PDBs can be used to strike a balance by protecting the application’s availability while still allowing a cluster administrator to manage the cluster. Here is an example where the pods matching the label myapp will block node termination if evicting the pod would reduce the number of available pods below 4.

apiVersion: policy/v1
kind: PodDisruptionBudget
metadata:
  name: myapp-pdb
spec:
  minAvailable: 4
  selector:
    matchLabels:
      app: myapp

You can set minAvailable or maxUnavailable as integers or as a percentage. Review what disruptions are, and how to configure them.

Pod set to do-not-evict

If a pod exists with the annotation karpenter.sh/do-not-evict: true on a node, and a request is made to delete the node, Karpenter will not drain any pods from that node or otherwise try to delete the node. Nodes that have pods with a do-not-evict annotation are not considered for consolidation, though their unused capacity is considered for the purposes of running pods from other nodes which can ber consolidated. This annotation will have no effect for static pods, pods that tolerate NoSchedule, or pods terminating past their graceful termination period.
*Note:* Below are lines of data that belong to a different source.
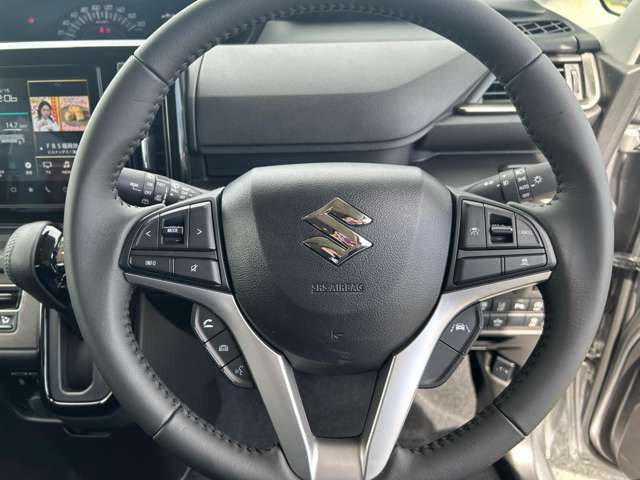 �����b��̃I�[�g���[�X�w�R�A���N���u�x�����X�ł��������ȃ��[�J���v�����Ȃ�V�Ԃ⒆�ÎԂ����X�w��z�x&�w��z�x�ŏ�ꂿ�Ⴂ�܂���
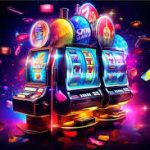 Roulette Online Gacor Sah Dengan Strategi dan Tips untuk Menang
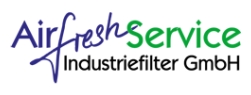 Air-Fresh-ServiceƷ��logo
This is useful for pods that you want to run from start to finish without interruption. Examples might include a real-time, interactive game that you don’t want to interrupt or a long batch job (such as you might have with machine learning) that would need to start over if it were interrupted.

If you want to terminate a node with a do-not-evict pod, you can simply remove the annotation and the deprovisioning process will continue.
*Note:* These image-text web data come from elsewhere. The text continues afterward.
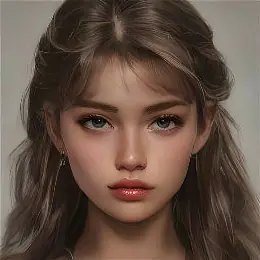 &nbsp;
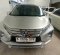 2018 Mitsubishi Xpander Ultimate A/T Silver - Jual mobil bekas di Banten-8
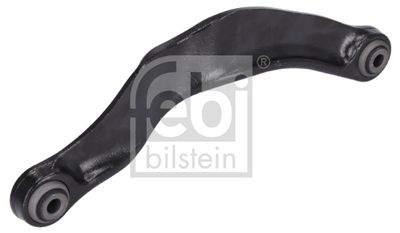 Control/Trailing Arm, wheel suspension FEBI BILSTEIN 184455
Scheduling Constraints (Consolidation Only)

Consolidation will be unable to consolidate a node if, as a result of its scheduling simulation, it determines that the pods on a node cannot run on other nodes due to inter-pod affinity/anti-affinity, topology spread constraints, or some other scheduling restriction that couldn’t be fulfilled.

Controllerless Pods (Consolidation Only)

Consolidation will not attempt to consolidate a node that is running pods that are not owned by a controller (e.g. a ReplicaSet). In general we cannot assume that these pods would be recreated if they were evicted from the node that they are currently running on.